Le gouvernement Bolsonaro prend ses fonctions

La toute jeune présidence de Jair Bolsonaro entre dans le vif du sujet mercredi, avec la prise ...
Le gouvernement Bolsonaro prend ses fonctions

Le gouvernement Bolsonaro en place pour

Photo: KEYSTONE/AP/ERALDO PERES

Les ministres du président d'extrême droite Jair Bolsonaro ont pris leurs fonctions mercredi à Brasilia. Ils ont pour mission de 'remettre le Brésil debout' au prix d'un changement radical de cap.

Le gouvernement a été resserré dans un souci d'efficacité (le nombre de ses membres est passé de 29 à 22), mais il est composé de personnalités en majorité inexpérimentées. Les ministres, parmi lesquels sept militaires à la retraite, seulement deux femmes et aucun noir, ont été intronisés au cours de cérémonies protocolaires, au lendemain de l'investiture en grande pompe du président Bolsonaro.

Celui-ci veut radicalement rompre avec l'ordre établi et le gouvernement devrait rapidement se mettre au travail pour faire prendre à la première puissance latino-américaine un virage qui s'annonce brutal tant sur le plan économique que sociétal ou diplomatique avec un réalignement total sur les Etats-Unis.

'Nous sommes face à un grand défi: remettre le Brésil debout', a déclaré mercredi Onyx Lorenzoni, le ministre de la Maison Civile - poste à mi-chemin entre Premier ministre et chef de cabinet.

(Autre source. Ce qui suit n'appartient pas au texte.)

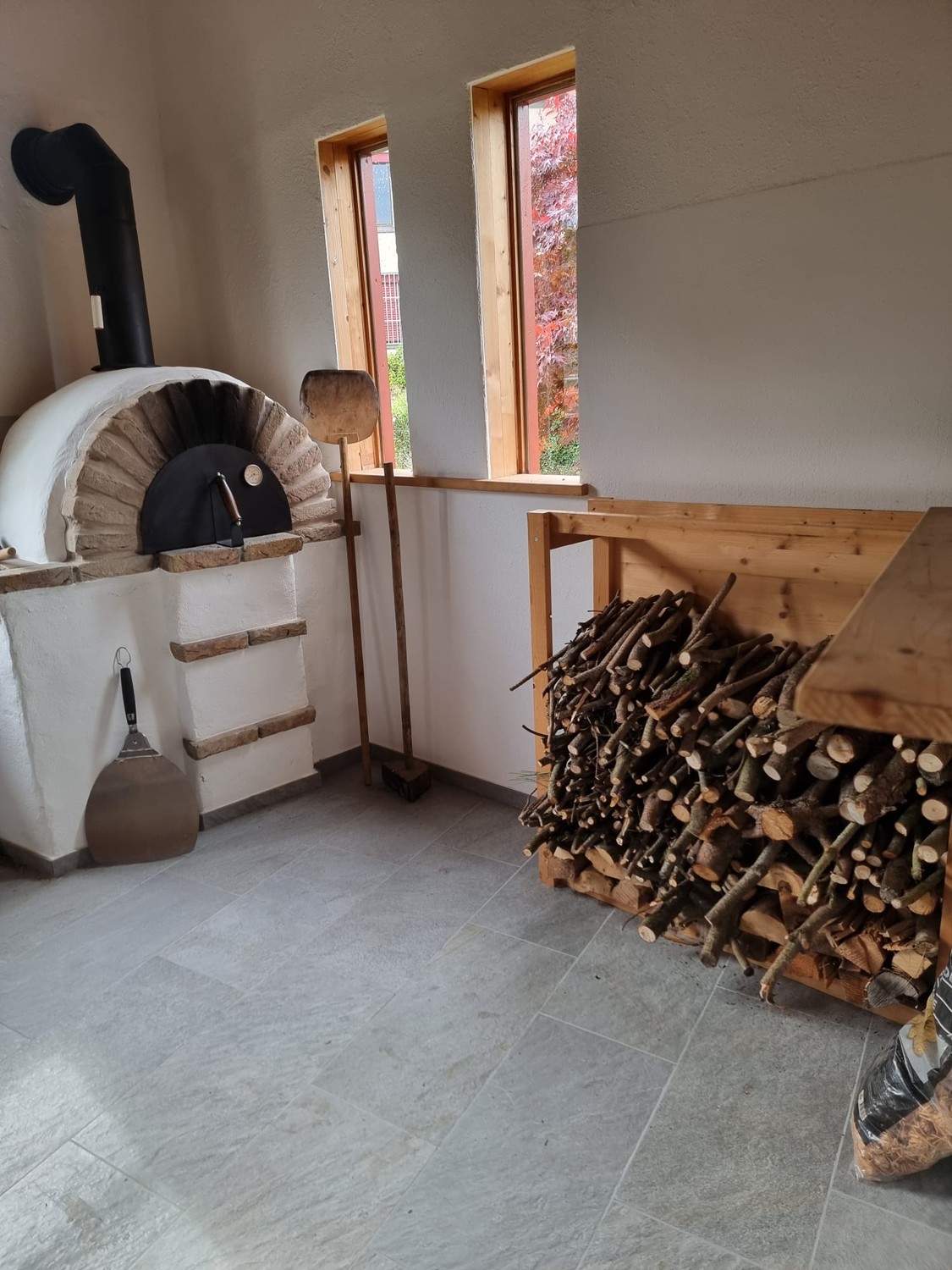 Chambre en colocation

Vous ne cherchez pas simplement une chambre en colocation, mais un foyer avec beaucoup d'espace, un jardin et une atmosphère de vie détendue ? Alors cette offre pourrait être exactement ce qu'il vous faut.  
Dans une charmante ferme à Schlatt TG, une chambre spacieuse d'enviro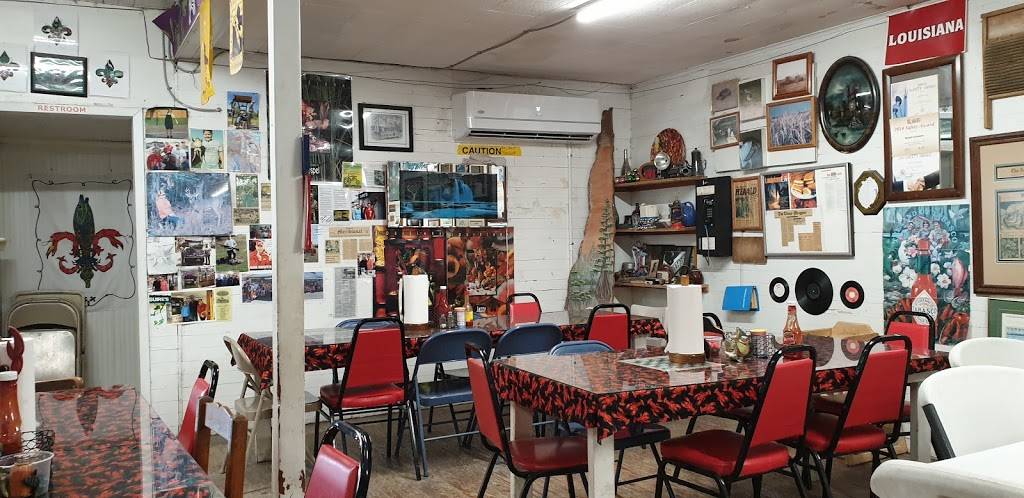 Suires Grocery & Restaurant | restaurant | 13923 LA-35, Kaplan, LA 70548, USA | 3376438911 OR +1 337-643-8911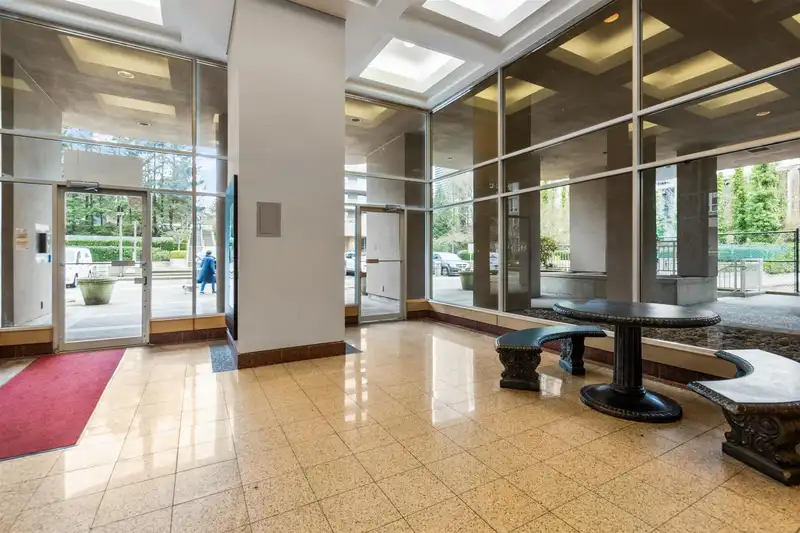 1402 9603 MANCHESTER DRIVE - photo 2 of 22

'Nous surprendrons par notre capacité à dialoguer. Le Congrès a besoin du dialogue et le président le sait', a-t-il ajouté. Le parti gouvernemental, le Parti social libéral (PSL), est minoritaire. Il n'est donc pas en mesure de transformer le Brésil sans de nombreuses alliances politiques.

Réforme des retraites

Poids lourd du gouvernement, Paul Guedes, le ministre ultra-libéral de l'Economie auquel revient un portefeuille très élargi, a déclaré pendant son investiture que 'la réforme des retraites était le premier et le plus grand défi' du gouvernement. Jair Bolsonaro n'avait pourtant pas soufflé mot la veille dans ses discours d'investiture sur l'épineuse refonte d'un régime très coûteux pour l'Etat, réclamée avec insistance par les marchés.

Après l'intervention du ministre - qui a évoqué les trois piliers de sa politique: retraites, privatisations et réforme fiscale -, l'indice Ibovespa de la Bourse de Sao Paulo s'envolait, passant pour la première fois au-dessus du seuil des 90'000 points, à 91'012,32. Un record historique.

Star du gouvernement, le ministre de la Justice, l'ex-juge anticorruption et figure emblématique de l'enquête contre la corruption 'Lavage express' effectuée de Curitiba (sud), Sergio Moro s'est dit confiant de pouvoir lutter plus efficacement contre ce fléau.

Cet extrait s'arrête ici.